# Exercise objective
Please restate exactly the lines of the data below, beginning with the line containing "this 1345×896 image." and ending with the last line.

Items from a dataset
⁂

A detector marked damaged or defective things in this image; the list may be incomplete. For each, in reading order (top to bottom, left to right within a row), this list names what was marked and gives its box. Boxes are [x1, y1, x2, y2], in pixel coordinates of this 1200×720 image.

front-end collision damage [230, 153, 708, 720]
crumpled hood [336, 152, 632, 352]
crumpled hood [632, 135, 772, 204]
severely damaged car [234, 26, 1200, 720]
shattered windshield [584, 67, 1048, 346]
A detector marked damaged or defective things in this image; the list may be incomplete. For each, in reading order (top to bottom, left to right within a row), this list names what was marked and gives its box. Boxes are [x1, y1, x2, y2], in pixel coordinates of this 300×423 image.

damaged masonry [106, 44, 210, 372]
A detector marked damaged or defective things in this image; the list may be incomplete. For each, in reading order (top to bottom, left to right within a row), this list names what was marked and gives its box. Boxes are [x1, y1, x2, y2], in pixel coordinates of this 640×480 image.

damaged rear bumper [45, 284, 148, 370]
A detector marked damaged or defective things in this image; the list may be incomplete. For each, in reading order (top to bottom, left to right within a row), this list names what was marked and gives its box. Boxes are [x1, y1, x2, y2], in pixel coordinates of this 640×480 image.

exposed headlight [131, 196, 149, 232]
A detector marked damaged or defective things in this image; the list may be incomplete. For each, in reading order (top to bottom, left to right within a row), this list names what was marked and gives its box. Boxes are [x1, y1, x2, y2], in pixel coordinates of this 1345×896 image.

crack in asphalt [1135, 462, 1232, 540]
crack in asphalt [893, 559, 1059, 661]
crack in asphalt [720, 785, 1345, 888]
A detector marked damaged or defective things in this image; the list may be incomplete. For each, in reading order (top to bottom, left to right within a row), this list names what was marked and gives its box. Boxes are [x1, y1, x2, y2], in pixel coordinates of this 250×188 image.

⁂

# Solution to this task
A detector marked damaged or defective things in this image; the list may be incomplete. For each, in reading order (top to bottom, left to right within a row), this list names what was marked and gives its box. Boxes are [x1, y1, x2, y2], in pixel coordinates of this 1345×896 image.

crack in asphalt [1135, 462, 1232, 540]
crack in asphalt [893, 559, 1059, 661]
crack in asphalt [720, 785, 1345, 888]
A detector marked damaged or defective things in this image; the list may be incomplete. For each, in reading order (top to bottom, left to right within a row), this list names what was marked and gives its box. Boxes are [x1, y1, x2, y2], in pixel coordinates of this 250×188 image.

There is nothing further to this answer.